- Aim of the task -
From the line containing "Domestic Violence Awareness" to the final line of the entries, every line is to be reproduced exactly; no other line belongs in the output.

- Provided records -
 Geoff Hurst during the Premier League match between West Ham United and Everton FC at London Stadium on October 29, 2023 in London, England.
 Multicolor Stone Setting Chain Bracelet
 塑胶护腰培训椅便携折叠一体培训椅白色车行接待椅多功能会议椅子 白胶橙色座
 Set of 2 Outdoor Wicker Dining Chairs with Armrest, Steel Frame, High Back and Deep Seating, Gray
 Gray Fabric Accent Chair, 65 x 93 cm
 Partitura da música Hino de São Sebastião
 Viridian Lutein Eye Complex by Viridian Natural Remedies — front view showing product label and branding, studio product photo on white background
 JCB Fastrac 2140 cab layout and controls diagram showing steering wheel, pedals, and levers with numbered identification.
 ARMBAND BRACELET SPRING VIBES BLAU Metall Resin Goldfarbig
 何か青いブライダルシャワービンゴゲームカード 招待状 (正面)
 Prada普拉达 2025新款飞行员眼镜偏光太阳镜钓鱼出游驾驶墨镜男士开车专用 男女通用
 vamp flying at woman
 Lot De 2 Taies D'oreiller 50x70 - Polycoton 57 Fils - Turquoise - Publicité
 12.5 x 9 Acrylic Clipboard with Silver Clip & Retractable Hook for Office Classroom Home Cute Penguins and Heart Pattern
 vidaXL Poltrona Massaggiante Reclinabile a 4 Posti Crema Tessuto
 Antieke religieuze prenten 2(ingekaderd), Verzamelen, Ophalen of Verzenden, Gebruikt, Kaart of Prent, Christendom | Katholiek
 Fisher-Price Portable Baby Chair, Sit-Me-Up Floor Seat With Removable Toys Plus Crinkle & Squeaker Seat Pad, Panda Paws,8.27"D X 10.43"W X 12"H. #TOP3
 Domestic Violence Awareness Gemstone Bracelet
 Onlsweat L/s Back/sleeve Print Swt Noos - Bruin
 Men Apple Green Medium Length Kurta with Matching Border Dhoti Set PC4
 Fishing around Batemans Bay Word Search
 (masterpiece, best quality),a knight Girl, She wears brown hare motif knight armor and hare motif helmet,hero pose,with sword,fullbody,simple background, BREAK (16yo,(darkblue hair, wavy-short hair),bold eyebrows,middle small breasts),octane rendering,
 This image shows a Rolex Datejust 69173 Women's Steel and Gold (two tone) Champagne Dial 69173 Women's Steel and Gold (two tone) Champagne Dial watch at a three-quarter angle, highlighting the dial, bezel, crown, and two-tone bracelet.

- Solution below -
 Domestic Violence Awareness Gemstone Bracelet
 Onlsweat L/s Back/sleeve Print Swt Noos - Bruin
 Men Apple Green Medium Length Kurta with Matching Border Dhoti Set PC4
 Fishing around Batemans Bay Word Search
 (masterpiece, best quality),a knight Girl, She wears brown hare motif knight armor and hare motif helmet,hero pose,with sword,fullbody,simple background, BREAK (16yo,(darkblue hair, wavy-short hair),bold eyebrows,middle small breasts),octane rendering,
 This image shows a Rolex Datejust 69173 Women's Steel and Gold (two tone) Champagne Dial 69173 Women's Steel and Gold (two tone) Champagne Dial watch at a three-quarter angle, highlighting the dial, bezel, crown, and two-tone bracelet.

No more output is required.